Every department of state is made the object of a separate profession, and
every candidate for office must have passed through a regular education;
and, as in the graduations of the university, must have obtained by his
proficiency, or his standing, the degree to which he aspires. The tribunals
of state, of war, and of the revenue, as well as of literature, are
conducted by graduates in their different studies; but while learning is
the great road to preferment, it terminates in being able to read, and to
write; and the great object of government consists in raising, and in
consuming the fruits of the earth. With all these resources, and this
learned preparation, which is made to turn these resources to use, the
state is in reality weak; has repeatedly given the example which we seek to
explain; and among the doctors of war or of policy, among the millions who
are set apart for the military profession, can find none of its members who
are fit to stand forth in the dangers of their country, or to form a
defence against the repeated inroads of an enemy reputed to be artless and
mean.
It is difficult to tell how long the decay of states might be suspended, by
the cultivation of arts on which their real felicity and strength depend;
by cultivating in the higher ranks those talents for the council and the
field, which cannot, without great disadvantage, be separated; and in the
body of a people, that zeal for their country, and that military character,
which enable them to take a share in defending its rights.
Times may come, when every proprietor must defend his own possessions, and
every free people maintain their own independence. We may imagine, that,
against such an extremity, an army of hired troops is a sufficient
precaution; but their own troops are the very enemy against which a people
is sometimes obliged to fight. We may flatter ourselves, that extremities
of this sort, in any particular case, are remote; but we cannot, in
reasoning on the general fortunes of mankind, avoid putting the case, and
referring to the examples in which it has happened. It has happened in
every instance where the polished have fallen a prey to the rude, and where
the pacific inhabitant has been reduced to subjection by military force.
If the defence and government of a people be made to depend on a few, who
make the conduct of state or of war their profession; whether these be
foreigners or natives; whether they be called away of a sudden, like the
Roman legion from Britain; whether they turn against their employers, like
the army of Carthage; or be overpowered and dispersed by a stroke of
fortune; the multitude of a cowardly and undisciplined people must, upon
such an emergence; receive a foreign or a domestic enemy, as they would a
plague or an earthquake, with hopeless amazement and terror, and by their
numbers, only swell the triumphs, and enrich the spoil of a conqueror.

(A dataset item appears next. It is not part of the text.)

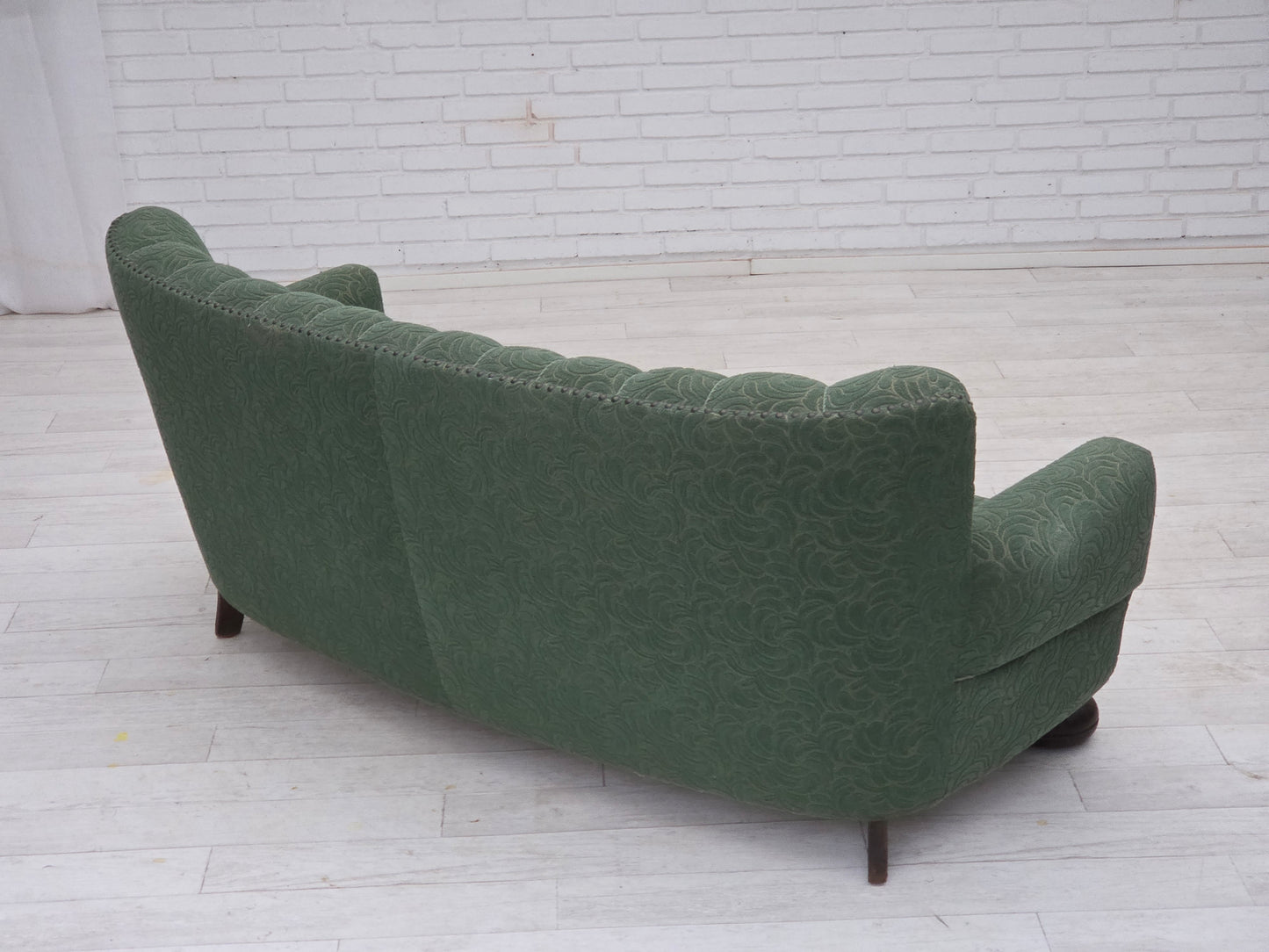 1960s, Danish 3-seater sofa, green furniture wool, oak wood.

Statesmen and leaders of armies, accustomed to the mere observance of
forms, are disconcerted by a suspension of customary rules; and on slight
grounds despair of their country. They were qualified only to go the rounds
of a particular track; and when forced from their stations, are in reality
unable to act with men. They only took part in formalities, of which they
understood not the tendency; and together with the modes of procedure, even
the very state itself, in their apprehension, has ceased to exist. The
numbers, possessions, and resources of a great people, only serve, in their
view, to constitute a scene of hopeless confusion and terror.
In rude ages, under the appellations of _a community, a people_, or
_a nation_, was understood a number of men; and the state, while its
members remained, was accounted entire. The Scythians, while they fled
before Darius, mocked at his childish attempt; Athens survived the
devastations of Xerxes; and Rome, in its rude state, those of the Gauls.
With polished and mercantile states, the case is sometimes reversed. The
nation is a territory, cultivated and improved by its owners; destroy the
possession, even while the master remains, the state is undone.
The weakness and effeminacy of which polished nations are sometimes
accused, has its place probably in the mind alone. The strength of animals,
and that of man in particular, depends on his feeding; and the kind of
labour to which he is used. Wholesome food, and hard labour, the portion of
many in every polished and commercial nation, secure to the public a number
of men endued with bodily strength, and inured to hardship and toil.
Even delicate living, and good accommodation, are not found to enervate the
body. The armies of Europe have been obliged to make the experiment; and
the children of opulent families, bred in effeminacy, or nursed with tender
care, have been made to contend with the savage. By imitating his arts,
they have learned, like him, to traverse the forest; and, in every season,
to subsist in the desert. They have, perhaps, recovered a lesson, which it
has cost civilized nations many ages to unlearn, that the fortune of a man
is entire while he remains possessed of himself.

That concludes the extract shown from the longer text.